Re: Async resume patch (was: Re: [GIT PULL] PM updates for 2.6.33)

Linus Torvalds <torvalds@xxxxxxxxxxxxxxxxxxxx> · Tue, 8 Dec 2009 14:16:12 -0800 (PST)

On Tue, 8 Dec 2009, Alan Stern wrote:
> > 
> > Sure they can. Control dependencies are trivial - it's called "branch 
> > prediction", and everybody does it, and data dependencies don't exist on 
> > many CPU architectures (even to the point of reading through a pointer 
> > that you loaded).
> 
> Wait a second.  Are you saying that with code like this:
> 
> 	if (x == 1)
> 		y = 5;
> 
> the CPU may write to y before it has finished reading the value of x?  

Well, in a way.  The branch may have been predicted, and the CPU can 
_internally_ have done the 'y=5' thing into a write buffer before it even 
did the read.

Some time later it will have to _verify_ the prediction and then perhaps 
kill the write before it makes it to a data structure that is visible to 
others, but internally from the CPU standpoint, yes, the write could have 
happened before the read.

Now, whether that write is "before" or "after" the read is debatable. But 
one way of looking at it is certainly that the write took place earlier, 
and the read might have just caused it to be undone.

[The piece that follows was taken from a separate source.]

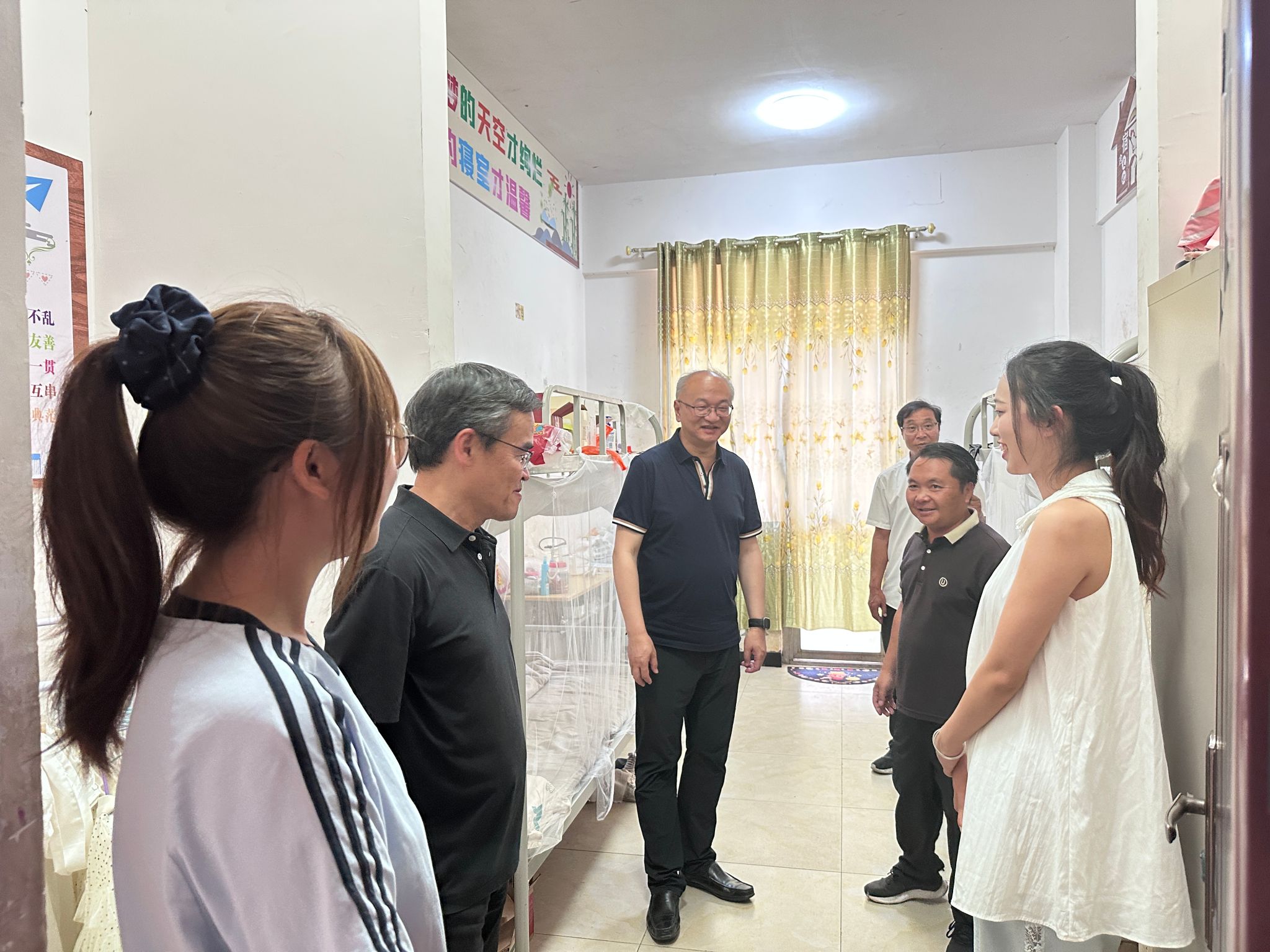 李建宇书记与全体支教师生亲切交流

And there are real effects of this - looking at the bus, you might have a 
bus transaction to get the cacheline that contains 'y' for exclusive 
access happen _before_ the bus transaction that reads in the value of 'x' 
(but you'd never see the writeout of that '5' before).

> And this write is visible to other CPUs, so that if x was initially 0
> and a second CPU sets x to 1, the second CPU may see y == 5 before it
> executes the write to x (whatever that may mean)?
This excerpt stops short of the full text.